Effective Playtesting Rituals

Every community of creators should have a regular playtest series. This is true whether it’s an ad-hoc community of independent creators, an academic research group, or a large corporation. If there isn’t a playtest series, you should start one. This post is for you.

I have been involved in several recurring playtest series. I first discovered this format in SF, a monthly series called Sandbox at The Go Game. I instituted a weekly playtest series as part of CTRL Labs, after we were acquired by Meta, and as far as I’m aware it’s still running. The Lower Case, an immersive theatre art space I was co-running in NYC, also ran a monthly playtest series. The creative medium (games, apps, theatre, UX research) doesn’t matter, if you create new stuff, you must have a playtest series.

Running an effective playtest series requires ongoing management of subtle sociocultural factors. You can’t just declare a playtest timeslot and hope things work out; this may be worse than running no playtest at all! I’ve found these issues to be surprisingly consistent across creative mediums, social groups, and whether playtests are in-person or remote.

Rules

Schedule playtests at a regular, recurring time.
Eliminate any red tape to sign up as a creator or tester. The only requirement to participate should be to show up, like an unconference.
Participation must be optional for testers.
Testers should not be allowed to watch an experience before playtesting it.
Documentation (photo/video) of an experience during a playtest is not allowed unless done by the creator themselves.
Playtests should be distinct from morale-boosting demos or showcases. Mixing these is harmful.

Why We Playtest

The generally accepted belief is that the purpose of a playtest is for a creator to get feedback on a work-in-progress. This isn’t exactly true, and it is merely the centre around which other useful outcomes emerge.

The real primary purpose of a playtest is to assist a creator in determining immediate, actionable, next steps for their work on an experience. A more useful playtest is one where observations are surprising to a creator. A playtest where the goal is to determine if an experience is “good enough” to launch, as measured by lack of negative feedback, is quite un-useful.

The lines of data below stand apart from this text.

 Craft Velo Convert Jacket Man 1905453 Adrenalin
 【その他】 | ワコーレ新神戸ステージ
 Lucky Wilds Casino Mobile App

A secondary purpose of playtests is to observe, as a group, UX flows surrounding experiences. This is especially true for playtests within an institution where most creators share a similar platform. Issues that individuals thought were one-off anecdotes, personal to only them, are able to be elevated to consistently observed patterns. Personal Anecdote: In CTRL Labs, one research team was playtesting app A. However, a few days earlier, there were reports of sporadic crashes with the launcher that all apps used. The engineer debugging this showed up to the playtest session for app A, as this was a chance to watch ~30 people attempt to use the launcher, and do live debugging. I recall the issue happened ~3 times (10%), and the engineer was able to pull these people into a side Zoom to determine commonalities.

An playtest session acts as an artificial deadline that forces creators to prepare their experience as a consumable whole outside of the specific sub-experience they are working on. This requires creators to modest documentation, QA, and explain their work to people earlier than they normally would if they were able to defer these seemingly irrelevant tasks until the sub-experience was “ready to ship”.

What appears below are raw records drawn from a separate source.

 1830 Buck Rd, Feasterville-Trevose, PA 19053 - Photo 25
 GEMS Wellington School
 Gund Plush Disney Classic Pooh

The sessions themselves are useful for work awareness and socialization, in particular for newer people to be aware of what other groups are working on or concerned with. This is much faster onboarding than reading some org chart, documentation, source code or review.

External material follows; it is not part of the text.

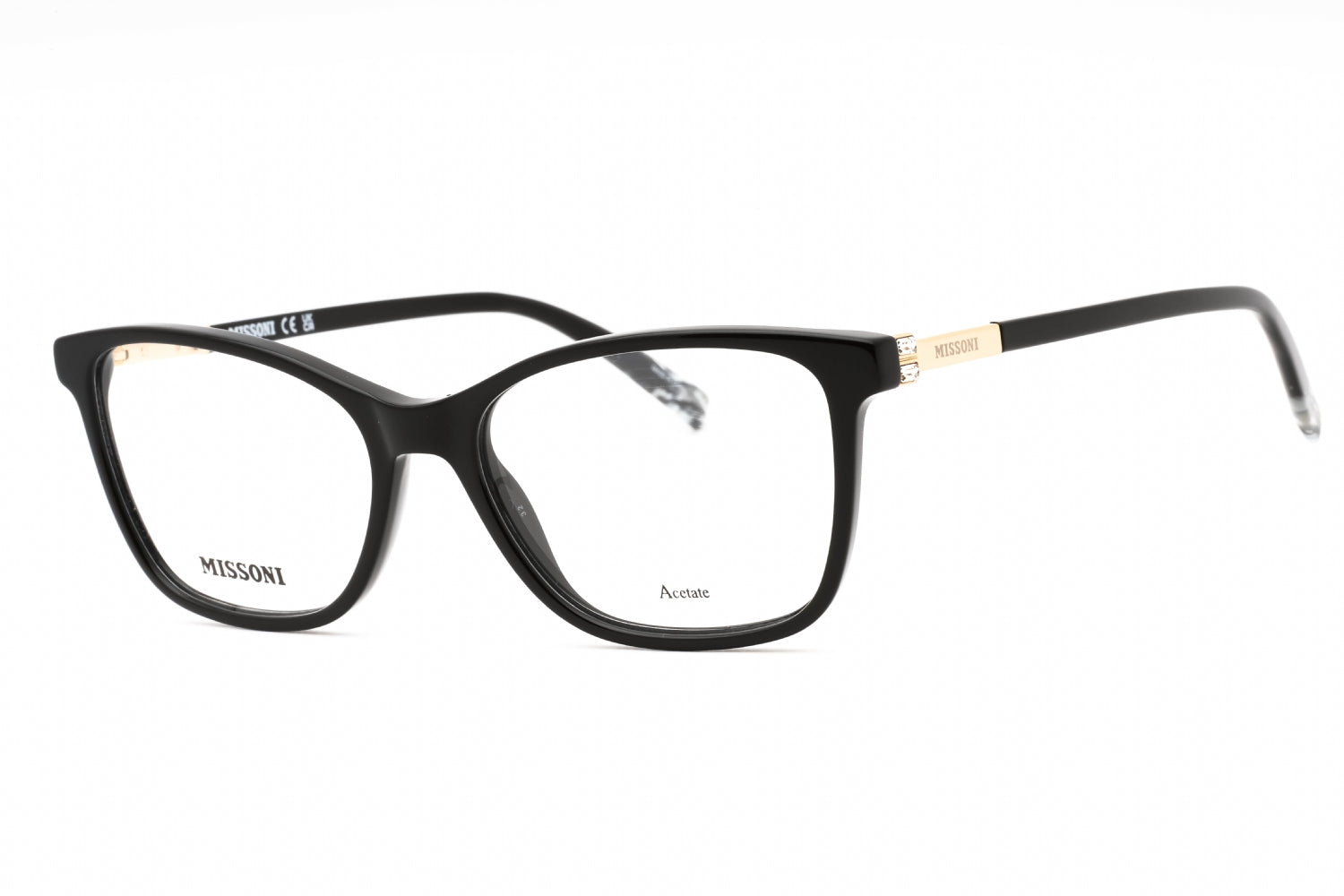 MISSONI MIS 0143 807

Morale is a dangerous, slippery anti-pattern I will call out multiple times. It’s very easy for people of various experience levels to feel like the purpose of playtests is to feel like a celebration of “we’re doing good work!” This leads to creators holding back experiences until they’re so polished a playtest doesn’t create actionable outcomes, or testers providing only celebratory feedback instead of problem-solving with the creator on improving an experience. Showing off work regularly is a good practice, but you should nurture this desire in separate short “demo sessions”, where creators get 2-5 minutes each.

Psychology of Creators and Testers

Creators are a mess, because genuine creation is difficult and risky, no matter how experienced you are. Testers don’t know how to be useful, and you must steer them towards what you need from them, instead of hoping that open-ended listening to undirected feedback will be miraculously useful.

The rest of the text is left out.